Syllabus info

What class is this? CSci 133 (123 is a prereq.)

Who am I? Andrew Clifton, “Andy” or “Mr. Clifton” or “Prof. Clifton” are all fine.

What is this class about? If 123 gave you the tools to get started, 133 is about the tools themselves: how do they work, how were they built, how can we build new ones ourselves? So some of the things that you just used in 123, we’re actually going to build from scratch ourselves, to help understand how they work.

Grading

This course uses specifications grading a point-less (ha!) grading system where your final grade is based on proving to me that you’ve mastered the material in the course. Fortunately for you, this is fairly simple: this class is divided into 8 “modules”. Each module has an assignment and a section on the midterms. To pass an assignment, you must pass its assignment and section. (Note that later midterms include all the sections from previous ones, so if you fail a section on a midterm, you can just try again on the next one. There is no penalty for failing a section as long as you later pass it.) There are three midterms and the final, but the final is basically just the fourth midterm, so each test effectively adds the two most recent modules.
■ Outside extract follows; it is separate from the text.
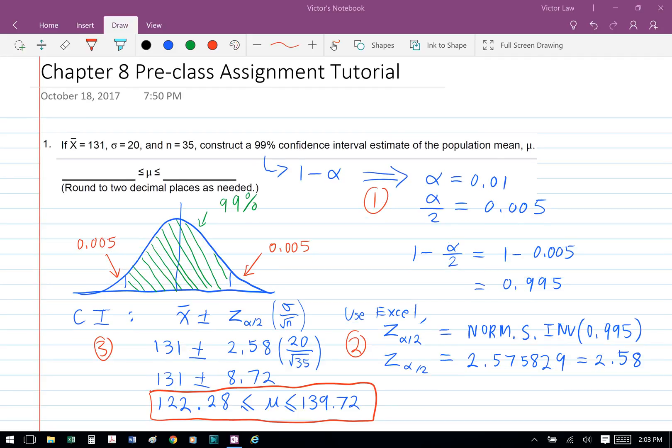Then we can plug it into the formula: 131 plus minus 2.58 times (20 over square root of 35), and we get 131 plus minus 8.72. So your mean is between 122.28 and 139.72.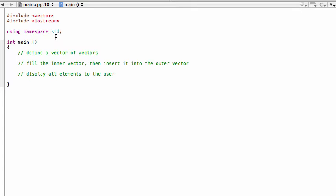Hey, welcome back. In this video we are learning how to make vectors of vectors in C++. It's a little bit similar to a 2D array but instead of using arrays we're using vectors. By the end of this we want to make a little table of numbers, sort of like a matrix — a 3x3 matrix of numbers that we'll print to the screen. You'll see how to populate the vector of vectors and then how to print all of that to the screen.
Depending on how things turn out, I might apply an adjustment at the end of the semester to keep things fair (e.g., drop the requirement for an A to 7/8 if no one gets all 8) but you shouldn’t count on that.

I’ll be posting your grades to Canvas, but it will basically just be 0/1 for each module. 1 indicating that you’ve passed it at some point.
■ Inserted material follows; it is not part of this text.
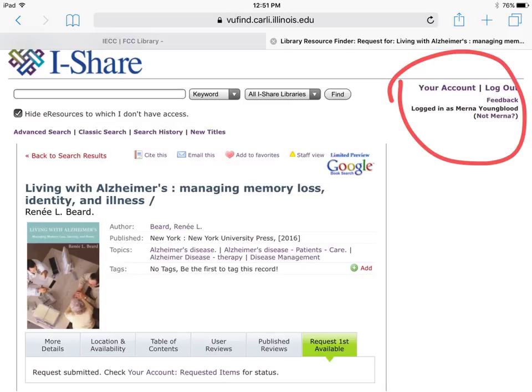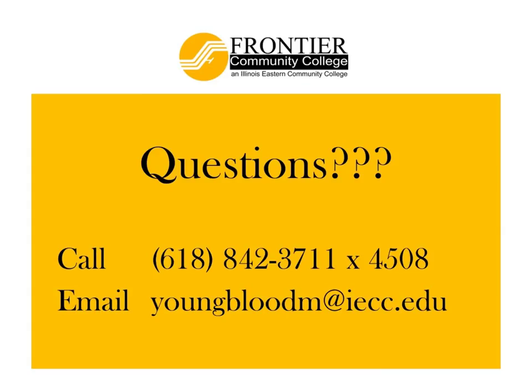When logged into your account, your name will be listed in the upper right-hand corner. Remember to log out of your account when finished. If you have further questions, be sure to contact your library.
Assignments are graded pass/fail, but you can resubmit failed assignments as many times as you like. Because each assignment includes automated tests telling you whether or not it passes, there’s really no point in submitting an assignment that you know will fail.

I probably shouldn’t point this out, but note that if you’re only aiming for a C, you could technically stop coming to class after you’ve completed your 5 modules and your grade won’t suffer at all.

The Personal Software Process

The PSP is a software development “exercise” (think pushups) to help you get some sick gainz in your software development skills. Essentially, it requires you to make estimates, before you begin coding, as to how many lines of code, how much time, how many bugs, etc. you think you will produce. Then, while you are programming you keep detailed records for all those categories. When you’re done, you compare your estimates with your real-world performance.

I wouldn’t suggest doing the PSP on the first assignment, as you’re likely to mess something up and have to resubmit. The upside is that the PSP forces you to pay attention to details, so you’re more likely to catch your own mistakes.

Note that the PSP is something you have to do at the same time as the assignment. You can’t do the assignment and then fill it out afterwards; you’ll get bad data because you’ll have forgotten about all the little bugs you fixed, and how much time you spent fixing them.

Additional requirements to get a C or better

As this is now effectively an online course, there are a few additional tasks you must complete in order to get a C or better:

Logging into the server

What you need:

On Mac/Linux:

ssh username@fccsci.fullcoll.edu -p 5150

Replace username with your username. It will prompt you for your password.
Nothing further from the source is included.